Skin lesions have been described in patients with HIV-VL co-infection, and Leishmania amastigotes have been detected in healthy looking skin. ⁷ There are few reports of PKDL with L. infantum in PLWH,^8–10 and in some patients, PKDL can occur while the patient is still on treatment for VL; this is sometimes termed ‘para-kala-azar dermal leishmaniasis’. ¹¹

The optimum management of VL with HIV co-infection is not known. The World Health Organization recommends LAB as first line at a dose of 40 mg/kg over 10 doses. ¹² Combination therapy with miltefosine may be more efficacious but evidence is limited. ¹³ The risk of relapse is high before immune reconstitution is achieved, so some experts recommend secondary prophylaxis, although the duration of treatment, when this should be started and with which agents, is unclear. ¹⁴

There are limited data on the management of PKDL, particularly with HIV co-infection. ² The penetration of anti-leishmanial drugs into the skin is uncertain, and parasites may persist despite appropriate treatment.
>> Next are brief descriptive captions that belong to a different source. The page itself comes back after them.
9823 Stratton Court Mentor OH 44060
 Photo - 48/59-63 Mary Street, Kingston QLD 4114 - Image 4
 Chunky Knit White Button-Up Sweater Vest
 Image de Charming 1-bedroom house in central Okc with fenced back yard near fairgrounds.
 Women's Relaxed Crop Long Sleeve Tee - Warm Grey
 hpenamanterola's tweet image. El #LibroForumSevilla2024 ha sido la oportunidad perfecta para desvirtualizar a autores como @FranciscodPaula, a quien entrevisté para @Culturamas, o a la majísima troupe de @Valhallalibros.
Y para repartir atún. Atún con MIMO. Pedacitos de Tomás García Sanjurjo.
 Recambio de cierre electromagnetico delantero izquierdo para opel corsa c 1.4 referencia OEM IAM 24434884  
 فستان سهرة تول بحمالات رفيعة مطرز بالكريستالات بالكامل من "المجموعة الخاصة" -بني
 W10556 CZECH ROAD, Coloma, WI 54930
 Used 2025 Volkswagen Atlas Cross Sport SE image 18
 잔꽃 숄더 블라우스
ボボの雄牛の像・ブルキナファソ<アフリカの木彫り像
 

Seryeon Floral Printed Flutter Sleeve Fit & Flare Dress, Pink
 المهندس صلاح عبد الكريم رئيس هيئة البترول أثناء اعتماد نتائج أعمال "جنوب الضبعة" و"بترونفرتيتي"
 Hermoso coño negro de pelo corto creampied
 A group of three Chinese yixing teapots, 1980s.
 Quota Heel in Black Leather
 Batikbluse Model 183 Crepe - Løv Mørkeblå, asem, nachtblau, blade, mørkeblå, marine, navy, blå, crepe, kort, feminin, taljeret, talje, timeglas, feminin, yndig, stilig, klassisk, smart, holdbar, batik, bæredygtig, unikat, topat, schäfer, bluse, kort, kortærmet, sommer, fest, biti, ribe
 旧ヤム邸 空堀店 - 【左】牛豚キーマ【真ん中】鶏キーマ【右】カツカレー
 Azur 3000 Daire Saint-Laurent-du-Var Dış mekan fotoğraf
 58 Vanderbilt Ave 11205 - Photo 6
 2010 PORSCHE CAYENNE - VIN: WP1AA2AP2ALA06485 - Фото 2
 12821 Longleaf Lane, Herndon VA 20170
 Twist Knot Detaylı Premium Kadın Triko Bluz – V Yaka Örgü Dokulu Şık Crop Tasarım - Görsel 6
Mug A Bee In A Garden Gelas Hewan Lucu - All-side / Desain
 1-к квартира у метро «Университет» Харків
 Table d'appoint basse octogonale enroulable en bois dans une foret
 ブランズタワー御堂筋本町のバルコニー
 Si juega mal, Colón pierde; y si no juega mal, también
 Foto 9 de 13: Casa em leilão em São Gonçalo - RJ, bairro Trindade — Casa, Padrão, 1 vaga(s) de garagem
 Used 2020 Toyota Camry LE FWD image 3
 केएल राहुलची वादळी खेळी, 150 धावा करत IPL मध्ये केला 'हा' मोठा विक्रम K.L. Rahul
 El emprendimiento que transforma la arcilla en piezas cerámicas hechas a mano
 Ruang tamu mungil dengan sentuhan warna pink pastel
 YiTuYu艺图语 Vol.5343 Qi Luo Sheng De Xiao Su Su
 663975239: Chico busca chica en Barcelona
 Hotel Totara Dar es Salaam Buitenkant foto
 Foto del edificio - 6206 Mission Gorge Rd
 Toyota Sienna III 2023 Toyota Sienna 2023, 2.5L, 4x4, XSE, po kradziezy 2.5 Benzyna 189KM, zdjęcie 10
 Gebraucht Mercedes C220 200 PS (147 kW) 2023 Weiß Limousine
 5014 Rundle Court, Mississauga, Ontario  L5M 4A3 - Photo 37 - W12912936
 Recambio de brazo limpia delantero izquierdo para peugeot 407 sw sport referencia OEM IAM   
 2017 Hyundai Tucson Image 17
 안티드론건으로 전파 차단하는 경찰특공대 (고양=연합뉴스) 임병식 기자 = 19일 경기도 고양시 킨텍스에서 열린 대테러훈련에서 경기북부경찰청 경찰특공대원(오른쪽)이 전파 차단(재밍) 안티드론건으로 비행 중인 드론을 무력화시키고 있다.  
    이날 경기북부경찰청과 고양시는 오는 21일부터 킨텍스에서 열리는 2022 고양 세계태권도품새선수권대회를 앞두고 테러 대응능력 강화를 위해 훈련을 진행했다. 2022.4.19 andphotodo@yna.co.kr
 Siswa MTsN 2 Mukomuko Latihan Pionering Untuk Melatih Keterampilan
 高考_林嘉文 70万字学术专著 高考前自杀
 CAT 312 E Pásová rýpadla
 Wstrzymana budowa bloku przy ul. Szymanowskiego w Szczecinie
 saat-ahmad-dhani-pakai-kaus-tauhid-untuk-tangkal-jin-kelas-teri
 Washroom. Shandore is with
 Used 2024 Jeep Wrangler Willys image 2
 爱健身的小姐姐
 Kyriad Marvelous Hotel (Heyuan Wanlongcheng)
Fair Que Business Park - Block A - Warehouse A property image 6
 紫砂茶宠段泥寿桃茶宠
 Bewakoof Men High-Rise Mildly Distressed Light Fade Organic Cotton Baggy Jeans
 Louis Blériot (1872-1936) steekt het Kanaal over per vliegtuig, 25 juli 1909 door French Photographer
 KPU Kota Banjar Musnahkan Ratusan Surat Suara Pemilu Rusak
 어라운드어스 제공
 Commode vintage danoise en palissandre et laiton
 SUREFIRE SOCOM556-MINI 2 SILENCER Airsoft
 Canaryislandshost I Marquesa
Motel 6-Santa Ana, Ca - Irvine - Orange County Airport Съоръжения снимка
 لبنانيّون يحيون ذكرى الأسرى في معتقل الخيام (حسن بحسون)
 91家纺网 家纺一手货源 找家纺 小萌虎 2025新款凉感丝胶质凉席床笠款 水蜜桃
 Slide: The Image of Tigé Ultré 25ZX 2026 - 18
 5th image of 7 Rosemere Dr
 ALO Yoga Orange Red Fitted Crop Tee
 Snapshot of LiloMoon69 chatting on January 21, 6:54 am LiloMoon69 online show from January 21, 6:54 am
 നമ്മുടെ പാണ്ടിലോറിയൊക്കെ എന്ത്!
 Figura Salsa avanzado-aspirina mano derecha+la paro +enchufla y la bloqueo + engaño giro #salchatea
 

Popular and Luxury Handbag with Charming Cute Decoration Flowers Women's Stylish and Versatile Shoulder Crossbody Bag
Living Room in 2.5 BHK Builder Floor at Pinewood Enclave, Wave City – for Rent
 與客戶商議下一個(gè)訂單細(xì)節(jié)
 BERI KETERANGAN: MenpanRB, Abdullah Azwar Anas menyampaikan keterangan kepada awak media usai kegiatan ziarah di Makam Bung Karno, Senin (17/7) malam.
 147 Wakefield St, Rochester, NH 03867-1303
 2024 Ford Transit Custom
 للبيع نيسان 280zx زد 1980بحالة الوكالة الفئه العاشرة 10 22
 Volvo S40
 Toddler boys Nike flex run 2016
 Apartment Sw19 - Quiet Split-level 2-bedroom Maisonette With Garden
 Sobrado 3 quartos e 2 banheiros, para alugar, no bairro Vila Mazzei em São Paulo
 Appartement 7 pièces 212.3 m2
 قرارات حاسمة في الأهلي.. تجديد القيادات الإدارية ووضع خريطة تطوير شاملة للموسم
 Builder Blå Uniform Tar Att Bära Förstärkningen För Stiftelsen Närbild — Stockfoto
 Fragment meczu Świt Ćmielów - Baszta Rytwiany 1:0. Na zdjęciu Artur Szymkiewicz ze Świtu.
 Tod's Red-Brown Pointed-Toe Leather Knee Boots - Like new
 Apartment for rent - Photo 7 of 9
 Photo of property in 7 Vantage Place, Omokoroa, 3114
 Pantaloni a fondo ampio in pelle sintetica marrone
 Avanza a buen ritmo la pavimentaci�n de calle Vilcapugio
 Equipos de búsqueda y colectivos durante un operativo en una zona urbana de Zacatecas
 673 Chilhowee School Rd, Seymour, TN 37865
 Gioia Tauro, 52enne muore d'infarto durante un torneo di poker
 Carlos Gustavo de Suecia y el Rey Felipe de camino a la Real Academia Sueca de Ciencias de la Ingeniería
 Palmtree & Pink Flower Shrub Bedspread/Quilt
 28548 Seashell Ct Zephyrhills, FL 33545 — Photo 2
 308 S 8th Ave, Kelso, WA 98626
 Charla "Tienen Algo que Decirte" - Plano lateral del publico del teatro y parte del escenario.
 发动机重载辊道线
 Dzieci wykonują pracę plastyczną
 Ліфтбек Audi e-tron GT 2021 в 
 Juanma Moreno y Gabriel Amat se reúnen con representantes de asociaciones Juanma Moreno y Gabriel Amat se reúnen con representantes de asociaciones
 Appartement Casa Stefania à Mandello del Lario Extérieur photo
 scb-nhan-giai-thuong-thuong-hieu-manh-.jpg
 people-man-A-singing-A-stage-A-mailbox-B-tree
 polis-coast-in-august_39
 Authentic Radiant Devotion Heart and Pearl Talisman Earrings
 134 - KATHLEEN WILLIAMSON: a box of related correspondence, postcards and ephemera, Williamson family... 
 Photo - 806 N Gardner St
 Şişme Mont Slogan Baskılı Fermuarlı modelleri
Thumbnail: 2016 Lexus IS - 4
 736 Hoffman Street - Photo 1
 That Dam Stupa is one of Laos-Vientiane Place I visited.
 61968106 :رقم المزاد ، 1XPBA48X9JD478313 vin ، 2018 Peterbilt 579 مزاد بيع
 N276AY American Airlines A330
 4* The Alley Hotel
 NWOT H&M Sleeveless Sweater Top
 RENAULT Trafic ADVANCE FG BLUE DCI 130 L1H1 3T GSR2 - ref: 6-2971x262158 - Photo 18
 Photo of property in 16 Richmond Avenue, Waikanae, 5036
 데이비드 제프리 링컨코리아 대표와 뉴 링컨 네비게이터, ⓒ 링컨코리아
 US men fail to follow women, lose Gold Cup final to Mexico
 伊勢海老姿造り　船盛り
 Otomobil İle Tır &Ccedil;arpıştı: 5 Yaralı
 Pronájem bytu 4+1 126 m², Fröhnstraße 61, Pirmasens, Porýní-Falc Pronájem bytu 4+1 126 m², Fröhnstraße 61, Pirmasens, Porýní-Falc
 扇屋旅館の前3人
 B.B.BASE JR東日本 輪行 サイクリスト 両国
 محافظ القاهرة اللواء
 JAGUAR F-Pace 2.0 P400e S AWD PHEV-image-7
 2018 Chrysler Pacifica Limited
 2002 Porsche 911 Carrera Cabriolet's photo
This may be enhanced in PLWH, and skin lesions may act as a source for relapse. ¹¹ It can also be difficult to measure response to treatment as the rash may persist beyond parasitological cure. ²

Conclusion

In this case, we suggest that VL developed as an unmasking IRIS phenomenon. The dermatological manifestation is very unusual, developing during VL treatment, and being caused by L. infantum species. There is little evidence on the most appropriate treatment in these patients. This patient responded well to a prolonged course of LAB, but the risk of relapse remains a possibility and we continue to monitor closely.